We have some larger families in our parish, and we know that the kids get a little less attention when the parents’ time is divided so many ways. We do little things like offer rides and really try to talk to them on the way- what did you learn today at school? And so on. We want to cultivate the types of relationships that if these kids have questions in their adolescence, we can be another trusted adult in their lives when they are inclined to dismiss their parents’ values. My husband does the same so perhaps that’s not parent-specific.

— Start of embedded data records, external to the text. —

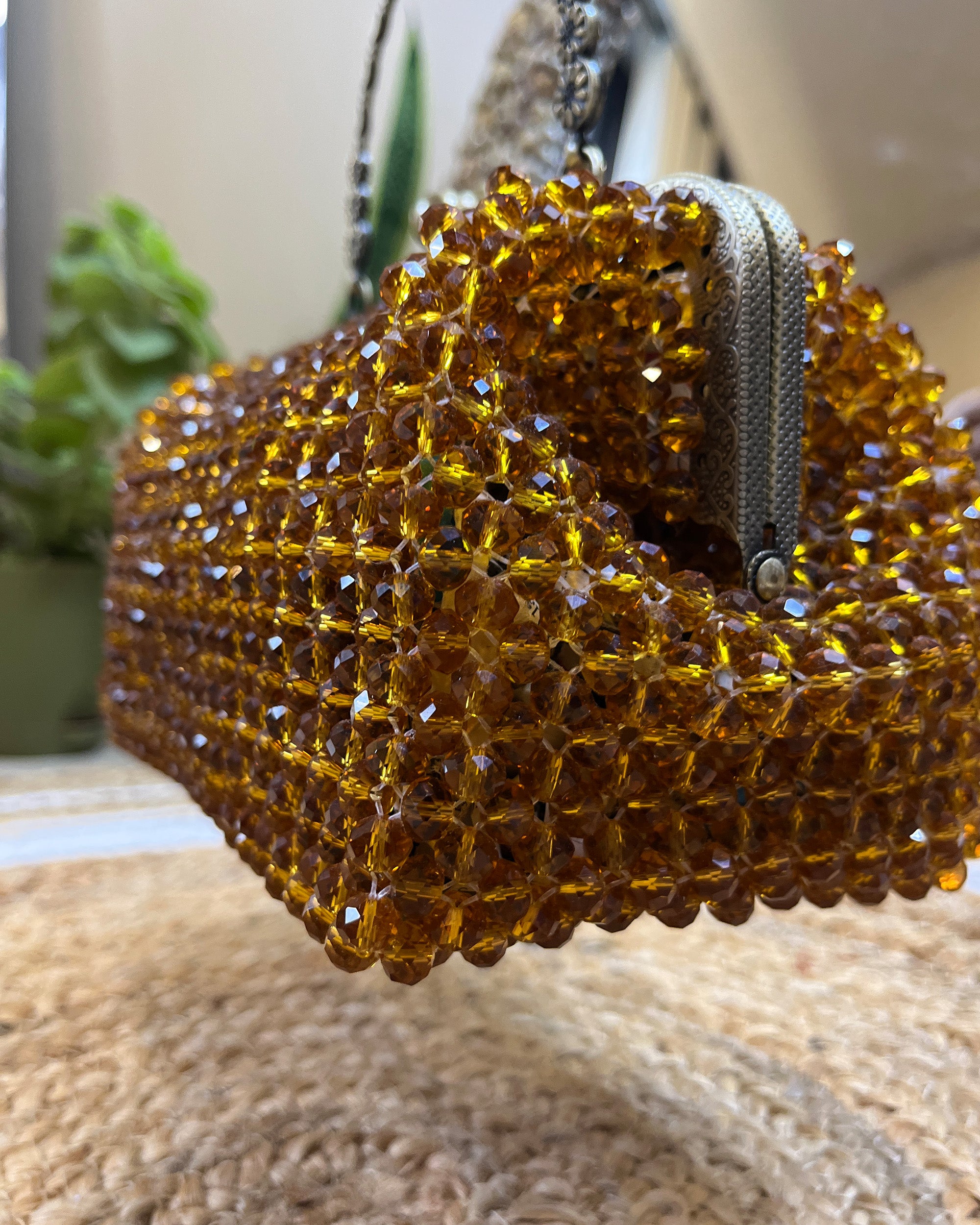 Celestara — The Handcrafted Beaded Star | Twilight Gold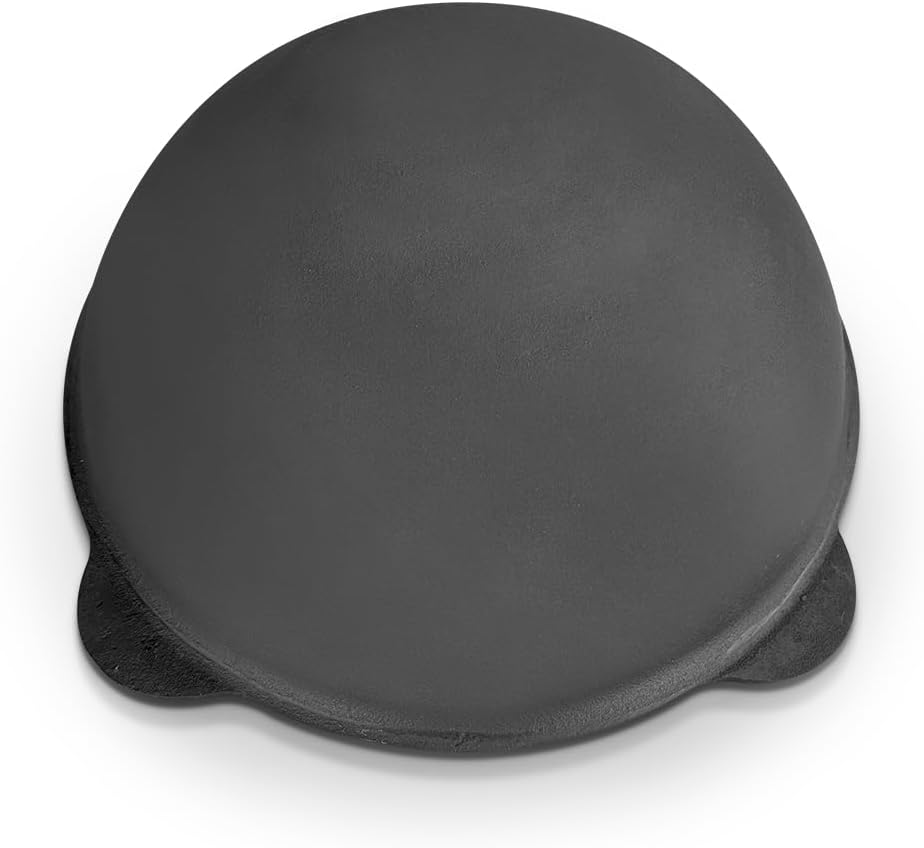 Gusseisen Kazan 6L Aluminiumdeckel Schaumlöffel für Plov, 40 cm, Schöpflöffel für Plov, 40 cm Uzbeki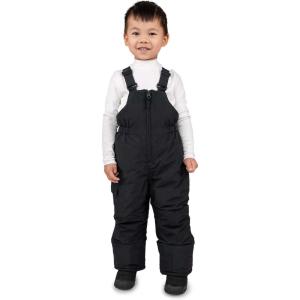 JAN & JUL Toasty-Dry Waterproof Insulated Snow Bib Pants for Kids(Black)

Once I was at a women’s conference on the Feminine Genius, and the subject of being a mother to all you meet came up. During the Mass, my baby was fussy so I went to the vestibule and there was a homeless man who asked where the food bank was. I ended up mostly ignoring the Mass to speak to him, and learned that he and his wife had been homeless due to a fire and needing subsequent medical care. I told him after Mass ended, I could connect him with someone at the parish who would have more information. He left and came back with his wife, and we gave them food for free. The sisters who run the food bank (on limited days) ran over and got them some more food and some blankets. I paid for the registration of the woman so that she could come in where it was warmer and hear the end of the conference talks, and she stayed afterward to speak to the priest. I could tell that one of the sisters (from a more conservative background and more familiar) was a little more jaded, but afterward she realized that in these moments we were welcoming this poor woman in as a mother might. She gave her jacket to woman to keep her warm, and I gave them some money to be able to buy a tent. They were clearly a couple in need of help, but we tried not only to provide for their physical needs but to make them feel welcomed and included.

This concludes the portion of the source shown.